Resultaten monsters NVWA-AM survey

Op basis van informatie van het CBS is uitgegaan van een areaal van 68.000 hectare consumptieaardappelen en 43.000 hectare zetmeelaardappelen. Uit dit areaal is random een selectie gemaakt van percelen met aardappelteelt in 2012, naar rato verdeeld over zetmeel- en consumptieaardappelen. De onderstaande kaart geeft de locaties van de bemonsterde percelen weer. Per perceel is maximaal 3 ha bemonsterd, waarbij na de oogst per hectare één grondmonster van 400 ml genomen is. De onderstaande tabel geeft weer welk deel van de percelen en monsters vrij en besmet zijn bevonden.
Besmetting
Op 9 procent van de consumptieaardappelpercelen is een besmetting met aardappelmoeheid is vastgesteld en op 43 procent van de percelen met zetmeelaardappelen. Op de 11 percelen consumptieaardappelen waar een besmetting is geconstateerd zijn in totaal 45 monsters genomen. Daarvan zijn 32 monsters besmet bevonden. Dit komt overeen met 59 procent besmette monsters op percelen met een besmetting.
Bij de zetmeelaardappelen zijn 41 percelen besmet bevonden waarop in totaal 115 monsters zijn genomen, waarvan 73 monsters besmet bevonden zijn. Dit komt overeen met 63 procent besmette monsters op besmet bevonden percelen. Het percentage besmette monsters op een perceel met een besmetting is voor consumptie- en zetmeelaardappelen ongeveer gelijk.
Bemonstering besmet terrein
Naast de bemonsteringen op ‘AM vrij terrein’ vond bemonstering plaats op terrein, dat besmet verklaard is. Telers kunnen met een wachttermijn van of zes jaar of drie jaar in combinatie met het nemen van een bestrijdingsmaatregel, recht verkrijgen om het besmet verklaarde terrein te laten bemonsteren met het doel tot opheffen van de besmetverklaring te komen.

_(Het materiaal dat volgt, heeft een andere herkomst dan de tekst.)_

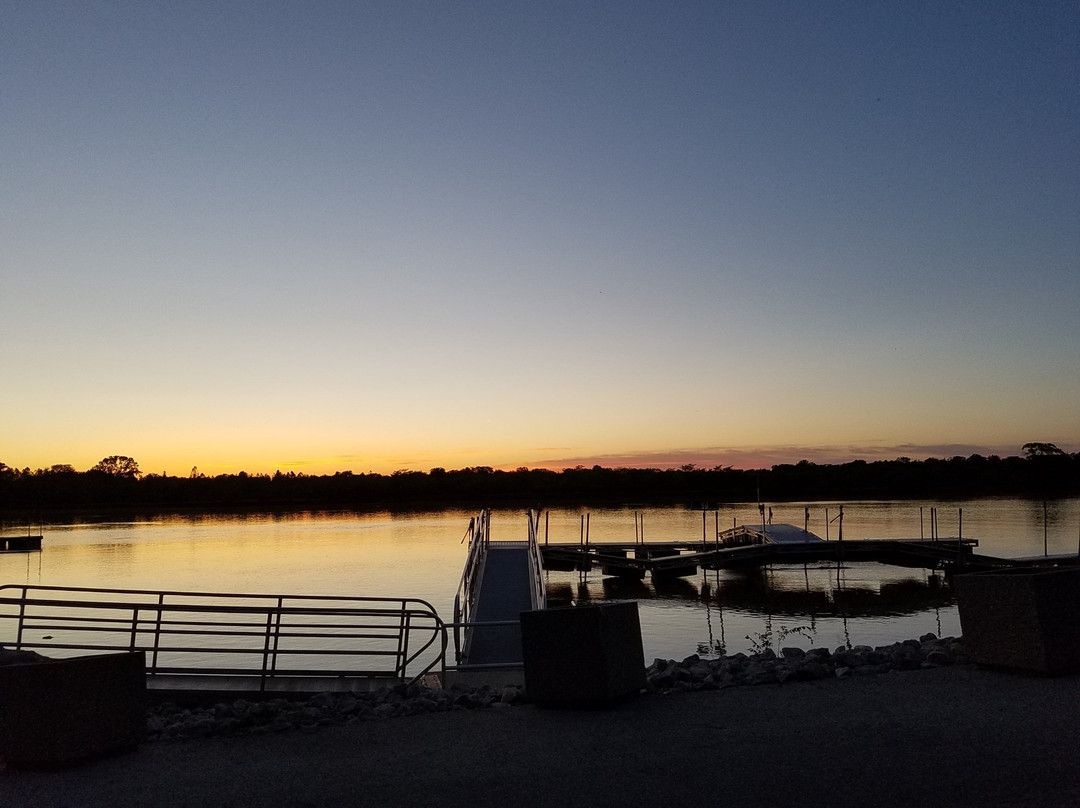 Orleans Park景点图片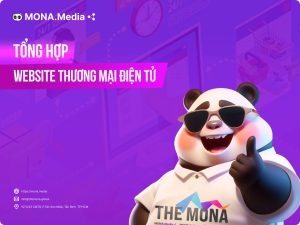 Top 5 website thương mại điện tử phổ biến hiện nay [Update 2026]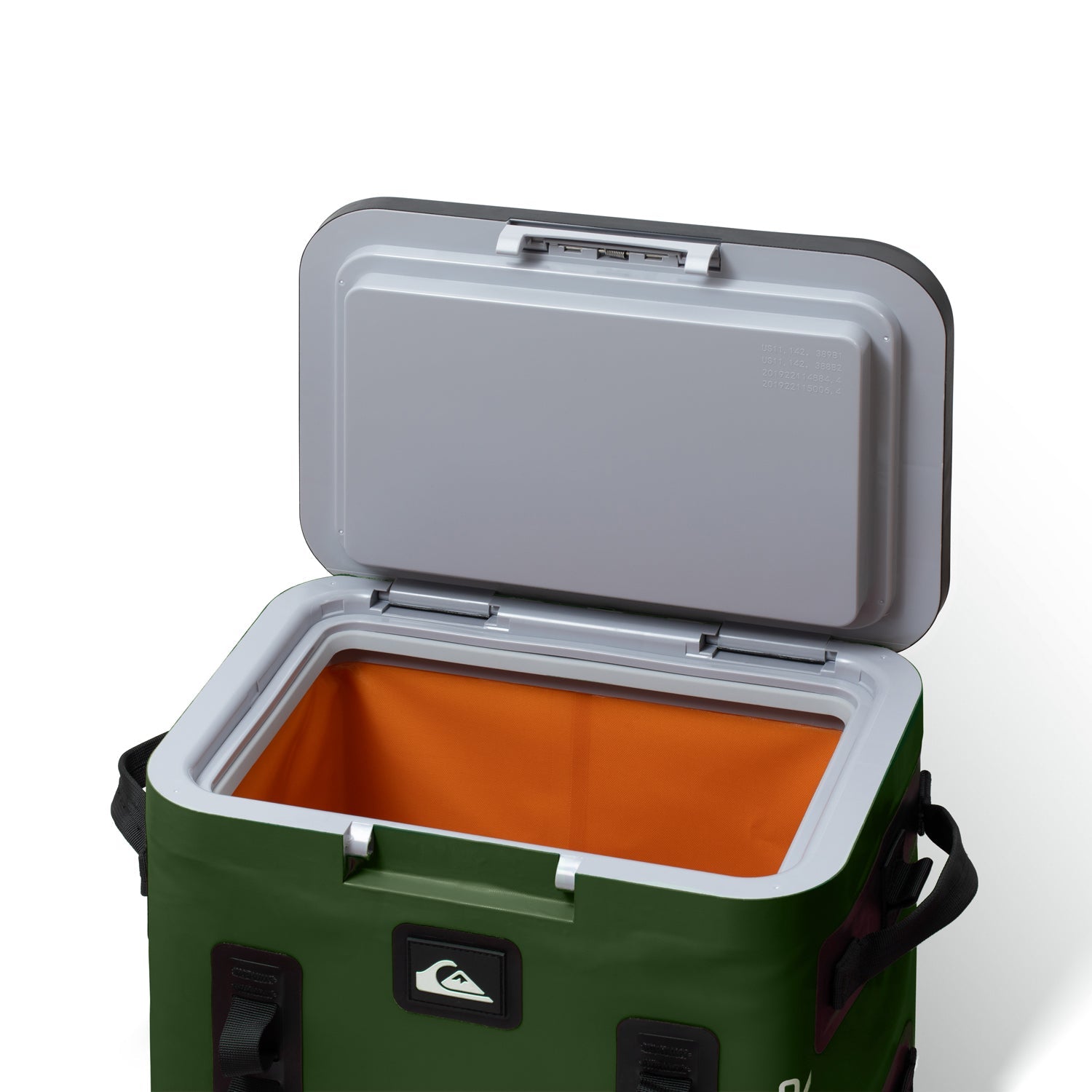 Quiksilver Coastal Zipperless Backpack Coolers - Image 8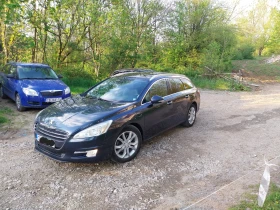 Peugeot 508 2.0 HDI -SW -163 cv , снимка 1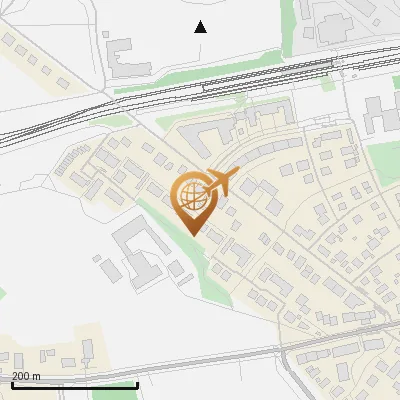 Foto zu Elisabeth-zu-Guttenberg-Straße 34, 81829 München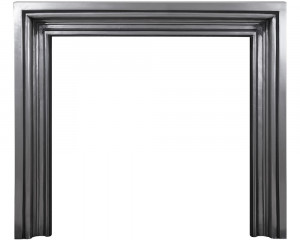 RX320 Чугунный камин Loxley Surround Сarronheating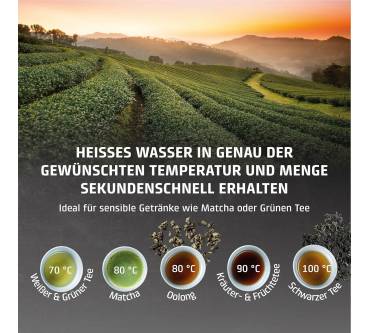 Produktbild Caso HW 630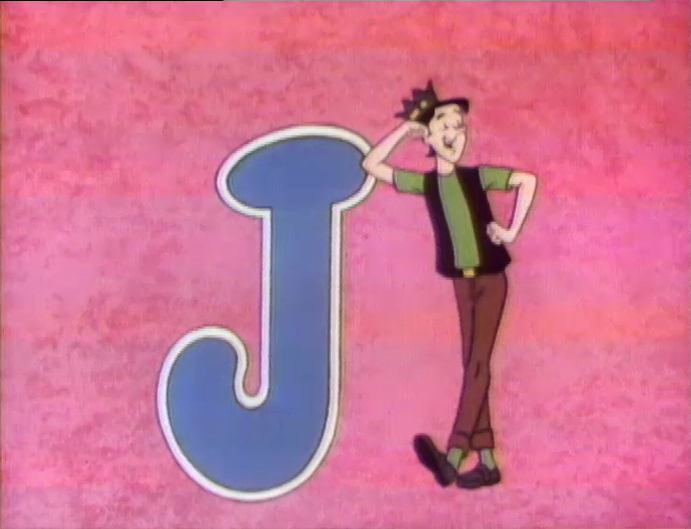 Jughead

Bij de bemonsteringen die op AM besmet terrein zijn uitgevoerd in de bemonsteringsjaren 2010/2011 en 2011/2012 valt het volgende op:
- Uit de cijfers blijkt dat ongeveer een kwart van de bemonsteringen op besmet terrein opnieuw AM wordt aangetroffen. De effectiviteit van de bestrijdingsmaatregelen vormt een punt van nadere aandacht. Voor een aantal telers lijkt het lastig te worden om van besmetverklaringen af te komen, mede omdat de NVWA rondom de nieuw aangetoonde besmettingen een afbakening toepast (16/27 meter).
- Ruwweg een derde van de monsteruitslagen bevat cysten zonder levende inhoud. Bij de aanwezigheid van (uitsluitend) cysten zonder levende inhoud (ook wel aangeduid als: lege cysten / cysten met dode inhoud en huidresten) geldt bij eerstvolgende bemonstering een volume van 1.500 ml/ha. Betrokken telers dienen dus extra alert te blijven.
Het monstervolume bedraagt bij deze bemonstering altijd 1.500 ml/ha.